Top of RECORD EXTRACTS

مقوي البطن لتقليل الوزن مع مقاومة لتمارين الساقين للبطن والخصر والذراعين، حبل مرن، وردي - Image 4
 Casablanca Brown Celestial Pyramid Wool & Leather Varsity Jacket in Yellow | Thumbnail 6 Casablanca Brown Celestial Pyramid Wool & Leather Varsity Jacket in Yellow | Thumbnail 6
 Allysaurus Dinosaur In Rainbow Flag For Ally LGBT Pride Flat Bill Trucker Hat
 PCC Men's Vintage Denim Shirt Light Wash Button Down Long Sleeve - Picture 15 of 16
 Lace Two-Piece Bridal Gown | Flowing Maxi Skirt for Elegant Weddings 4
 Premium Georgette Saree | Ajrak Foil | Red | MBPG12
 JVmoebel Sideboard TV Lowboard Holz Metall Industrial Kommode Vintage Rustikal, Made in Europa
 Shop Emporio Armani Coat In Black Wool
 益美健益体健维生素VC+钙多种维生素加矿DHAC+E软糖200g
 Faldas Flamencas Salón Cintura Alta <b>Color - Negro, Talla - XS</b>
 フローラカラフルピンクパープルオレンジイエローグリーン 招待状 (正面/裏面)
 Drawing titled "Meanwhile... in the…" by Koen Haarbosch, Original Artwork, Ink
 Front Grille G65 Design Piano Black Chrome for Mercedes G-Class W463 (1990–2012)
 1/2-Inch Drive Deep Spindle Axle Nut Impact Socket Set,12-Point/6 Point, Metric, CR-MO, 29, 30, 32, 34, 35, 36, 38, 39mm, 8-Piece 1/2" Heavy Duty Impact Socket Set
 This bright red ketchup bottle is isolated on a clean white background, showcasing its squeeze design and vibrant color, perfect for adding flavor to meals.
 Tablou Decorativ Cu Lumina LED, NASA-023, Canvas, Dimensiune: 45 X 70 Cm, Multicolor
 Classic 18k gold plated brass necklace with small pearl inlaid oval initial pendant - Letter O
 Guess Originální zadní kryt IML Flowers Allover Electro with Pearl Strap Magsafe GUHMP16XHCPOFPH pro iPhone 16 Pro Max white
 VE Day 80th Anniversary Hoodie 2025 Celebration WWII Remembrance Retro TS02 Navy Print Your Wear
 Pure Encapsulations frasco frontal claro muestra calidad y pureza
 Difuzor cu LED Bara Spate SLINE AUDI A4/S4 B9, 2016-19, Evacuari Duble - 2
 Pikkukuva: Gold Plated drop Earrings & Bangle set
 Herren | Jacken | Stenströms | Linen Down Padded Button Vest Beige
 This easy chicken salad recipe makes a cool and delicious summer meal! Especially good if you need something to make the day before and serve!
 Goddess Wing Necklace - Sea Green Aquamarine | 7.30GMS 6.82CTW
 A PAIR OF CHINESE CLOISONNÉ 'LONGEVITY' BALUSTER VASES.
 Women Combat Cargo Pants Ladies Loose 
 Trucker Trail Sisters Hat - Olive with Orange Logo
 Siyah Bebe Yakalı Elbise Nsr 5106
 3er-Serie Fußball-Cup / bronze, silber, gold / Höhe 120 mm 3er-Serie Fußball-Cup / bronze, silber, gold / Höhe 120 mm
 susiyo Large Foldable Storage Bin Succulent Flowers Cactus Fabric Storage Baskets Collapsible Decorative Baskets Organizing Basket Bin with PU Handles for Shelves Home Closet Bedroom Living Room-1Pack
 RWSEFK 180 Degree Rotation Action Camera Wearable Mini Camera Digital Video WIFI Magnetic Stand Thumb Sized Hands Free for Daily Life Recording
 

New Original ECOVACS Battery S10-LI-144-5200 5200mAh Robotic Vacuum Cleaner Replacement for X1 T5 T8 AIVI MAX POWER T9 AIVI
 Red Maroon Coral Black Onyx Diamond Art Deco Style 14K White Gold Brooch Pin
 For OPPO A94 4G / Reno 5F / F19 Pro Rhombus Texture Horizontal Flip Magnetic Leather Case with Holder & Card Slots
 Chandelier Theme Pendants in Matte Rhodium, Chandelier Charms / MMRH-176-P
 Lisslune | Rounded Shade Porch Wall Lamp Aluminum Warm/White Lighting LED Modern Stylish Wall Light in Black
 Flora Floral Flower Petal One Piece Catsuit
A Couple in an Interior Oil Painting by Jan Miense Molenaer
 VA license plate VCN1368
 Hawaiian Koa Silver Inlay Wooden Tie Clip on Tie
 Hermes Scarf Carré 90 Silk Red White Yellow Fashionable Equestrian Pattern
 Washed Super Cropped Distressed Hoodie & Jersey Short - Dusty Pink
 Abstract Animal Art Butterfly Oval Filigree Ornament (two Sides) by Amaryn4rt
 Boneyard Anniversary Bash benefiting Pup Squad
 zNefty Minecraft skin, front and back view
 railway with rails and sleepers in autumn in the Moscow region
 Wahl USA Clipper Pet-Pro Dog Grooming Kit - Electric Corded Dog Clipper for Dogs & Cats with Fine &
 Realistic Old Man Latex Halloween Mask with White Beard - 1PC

Bottom of RECORD EXTRACTS

• **BRIEF**: When you reach the line with "Chandelier Theme Pendants" in the records above, start writing out lines exactly, and stop once the line with "railway with rails" has been written; include nothing else.

• **TASK OUTPUT**:
 Chandelier Theme Pendants in Matte Rhodium, Chandelier Charms / MMRH-176-P
 Lisslune | Rounded Shade Porch Wall Lamp Aluminum Warm/White Lighting LED Modern Stylish Wall Light in Black
 Flora Floral Flower Petal One Piece Catsuit
A Couple in an Interior Oil Painting by Jan Miense Molenaer
 VA license plate VCN1368
 Hawaiian Koa Silver Inlay Wooden Tie Clip on Tie
 Hermes Scarf Carré 90 Silk Red White Yellow Fashionable Equestrian Pattern
 Washed Super Cropped Distressed Hoodie & Jersey Short - Dusty Pink
 Abstract Animal Art Butterfly Oval Filigree Ornament (two Sides) by Amaryn4rt
 Boneyard Anniversary Bash benefiting Pup Squad
 zNefty Minecraft skin, front and back view
 railway with rails and sleepers in autumn in the Moscow region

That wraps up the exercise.